───── Records provided

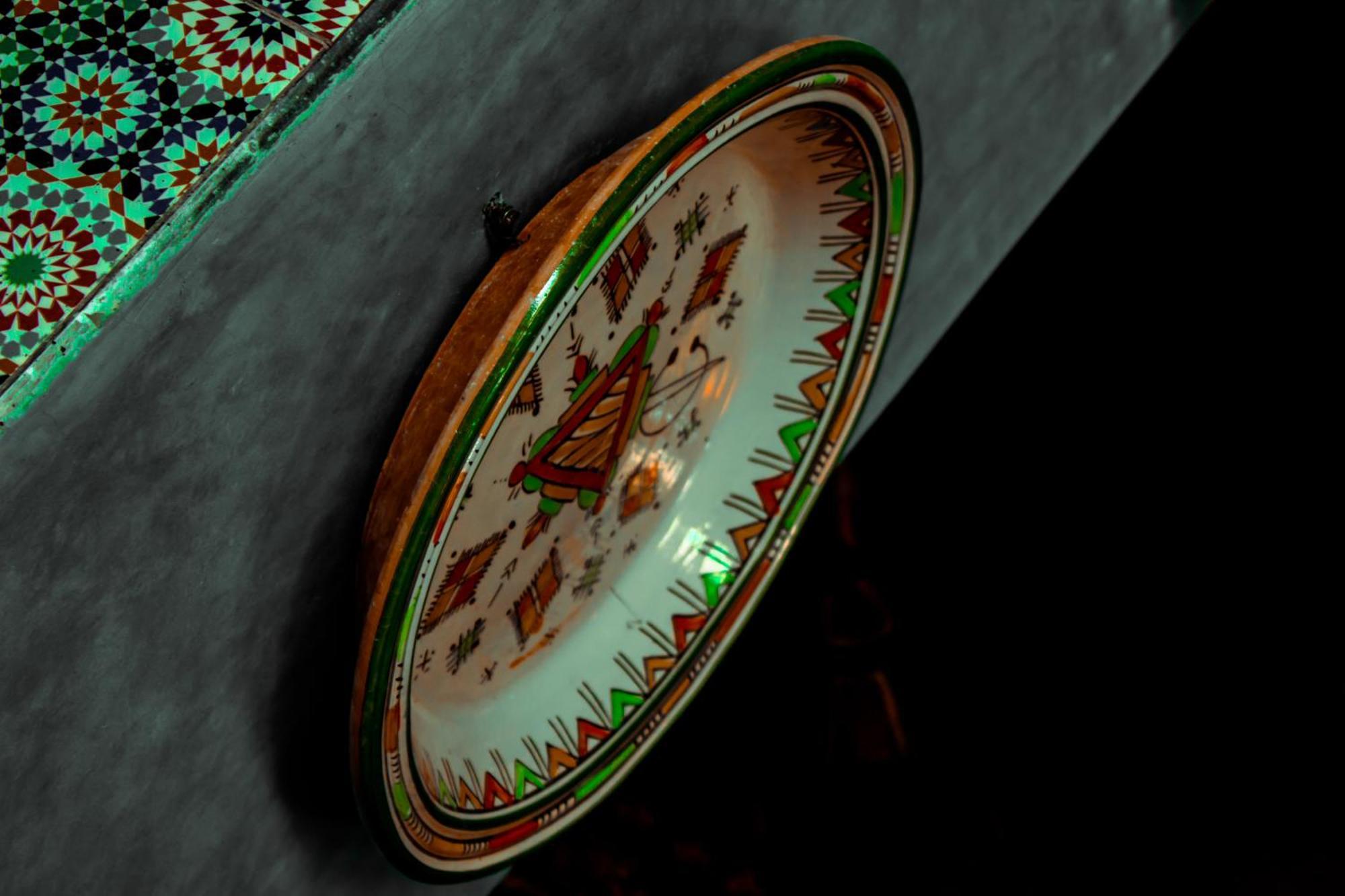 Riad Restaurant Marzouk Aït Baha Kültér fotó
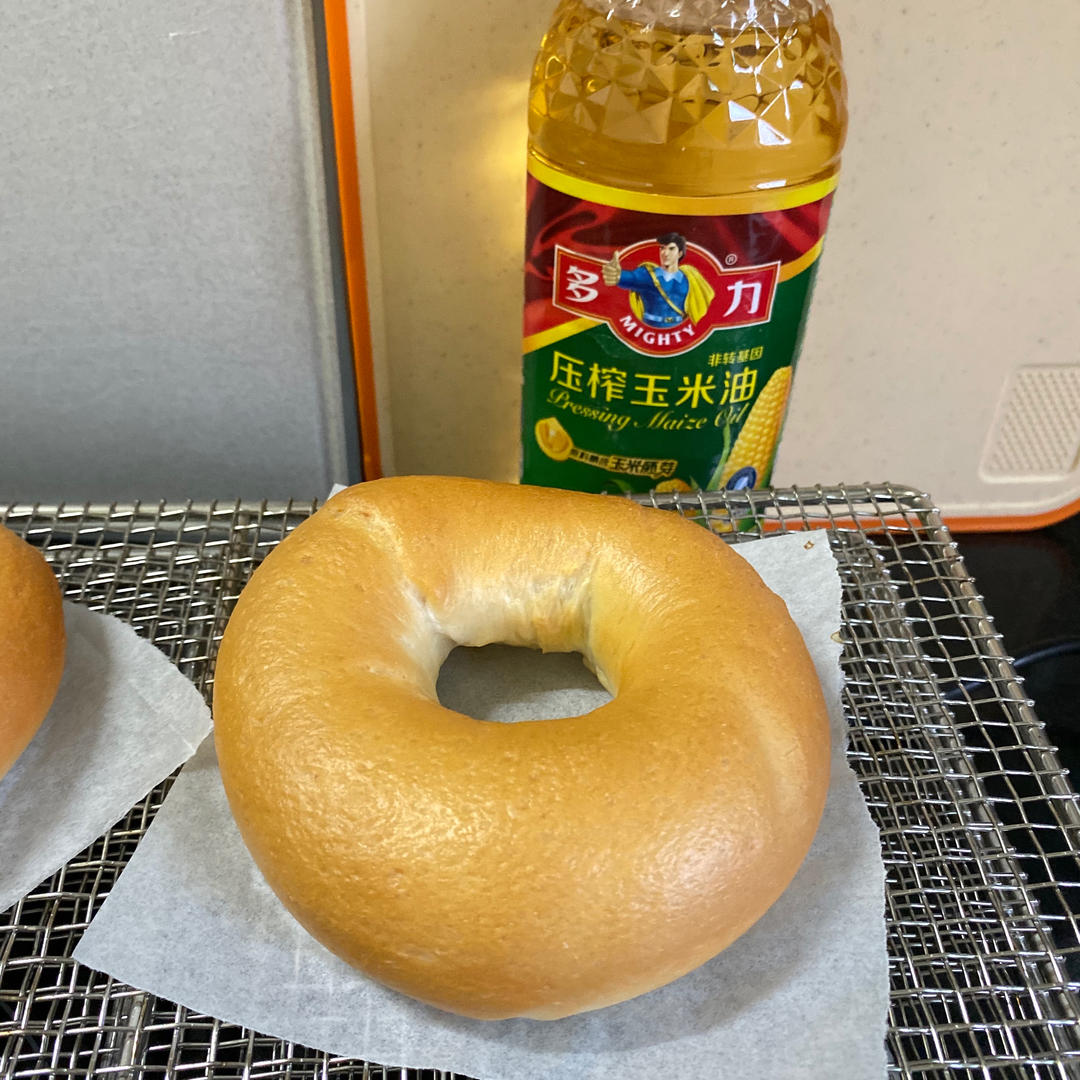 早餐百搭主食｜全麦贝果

──────────
───── Records provided

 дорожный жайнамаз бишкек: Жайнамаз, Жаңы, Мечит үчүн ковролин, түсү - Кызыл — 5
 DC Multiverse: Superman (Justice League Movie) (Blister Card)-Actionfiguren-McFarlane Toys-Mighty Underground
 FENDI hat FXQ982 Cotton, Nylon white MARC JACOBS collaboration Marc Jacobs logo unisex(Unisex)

──────────

Work item -
Having found the line with "Riad Restaurant Marzouk Aït Baha Kültér fotó" and the line with "早餐百搭主食｜全麦贝果" in the material above, write out exactly those two and every line between, leaving the pictures out.

Your solution -
 Riad Restaurant Marzouk Aït Baha Kültér fotó
 早餐百搭主食｜全麦贝果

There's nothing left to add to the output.